Careers killed because of English?


By

Mr. R. Ganesh
National Chief Trainer
Veta
 


A recent newspaper report said that out of every hundred candidates called for job interviews, only five were qualified for the jobs. It is not that they were technically not sound but that they lacked in communicative skill in English. Is English killing their careers?

Many a CEO would agree that it is indeed a sorry state of affairs that young men and women who walk out of colleges and universities speak little English. For them, it has been a subject to pass, not a language to master.  And  the focus was more on the technical subjects.

If things continue this way, India may lose out on the BPO and software industries, feels Mr. R. Ganesh, National Chief Trainer, Veta.

What's wrong?

The pressure today on youth is to complete a BE or an MBBS and become a professional. The subjects that they have to study to obtain these degrees are many and vast. They hardly find time to complete the recommended books of their subjects—forget reading general books. Reading for pleasure is becoming a rare thing. And the text books are not a good source material for acquiring skills in spoken English.

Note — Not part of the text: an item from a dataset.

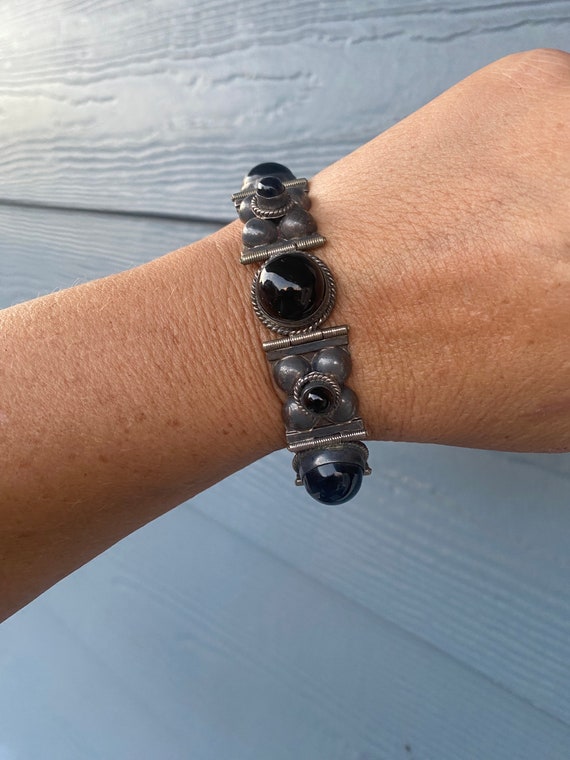 Vintage Sterling & Onyx bracelet signed RJA Mexico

Demographic patterns too are changing. A lot of youth from small towns and villages are moving to cities to study or work. Only when they come to a professional environment do they feel that their communicative skills in English need a total dressing up.

TV and movies offer no help. The language they dish out is Indianised English, and sometimes downright, hybrid English that you find in popular music channels and Bollywood films.

With exposure to such kind of language what kind of English can you expect from the youth?

The ghost of 'Raj English'

English as it is spoken and written today in India is not free from the British who left us six decades ago. We still find phrases and usage such as 'residence', 'government servant', 'for your kind perusal' and 'my superior' in every Indian English. Surely, these are not good examples of English as it is today.

The mother tongue influence

Not just in pronunciation, the mother tongue also influences the idiom of English we use. 'Why do you get angry for small small things?', 'I told you that day itself', and 'What are you?' are examples of how we think in our mother tongue and use English to express the thoughts. As many mother tongues, so many kinds of Englishes—no wonder that we are divided by the very English we speak.

Careers do not even take off just because of this variety of English or non-English that our youth is exposed to in colleges, universities and the media. This is compounded by reluctance to make reading a habit.

Schools and colleges

Teachers and lecturers are bound by the pressures of completing the syllabus, conducting revisions and preparing the students for scoring better marks. After all, it is the top marks that define a school or college as successful. Constrained by time, pressure and rules of the management, teachers and lecturers  neither have the mind nor the occasion to work on the communicative skills of the students. In some institutions, the teachers themselves need to work on their communicative skills in English.

Fluency

Many a youth who rushes to a spoken English institute at the eleventh hour wants fluency in English overnight. It must be remembered that whatever comes easily, goes away easily too. Fluency is a matter of thinking than speaking. How many of these people are fluent in their mother tongue, let alone English?  For the very first question at a job interview—tell me about yourself-- you hear replies carrying erm, hm, matlab, I mean and so on. It is clarity of thought that brings fluency of speech, no matter which language you speak. And which school or college teaches you to think clearly and cogently?

An aptitude for language

In order to master a language, you must have an aptitude for the language in the first place. Many people want the benefits of speaking fluent English, but they don't want to go through the slow and tedious path of learning it. Whether it is English or any other language, you must have a love for the language. And such an aptitude does not come to order.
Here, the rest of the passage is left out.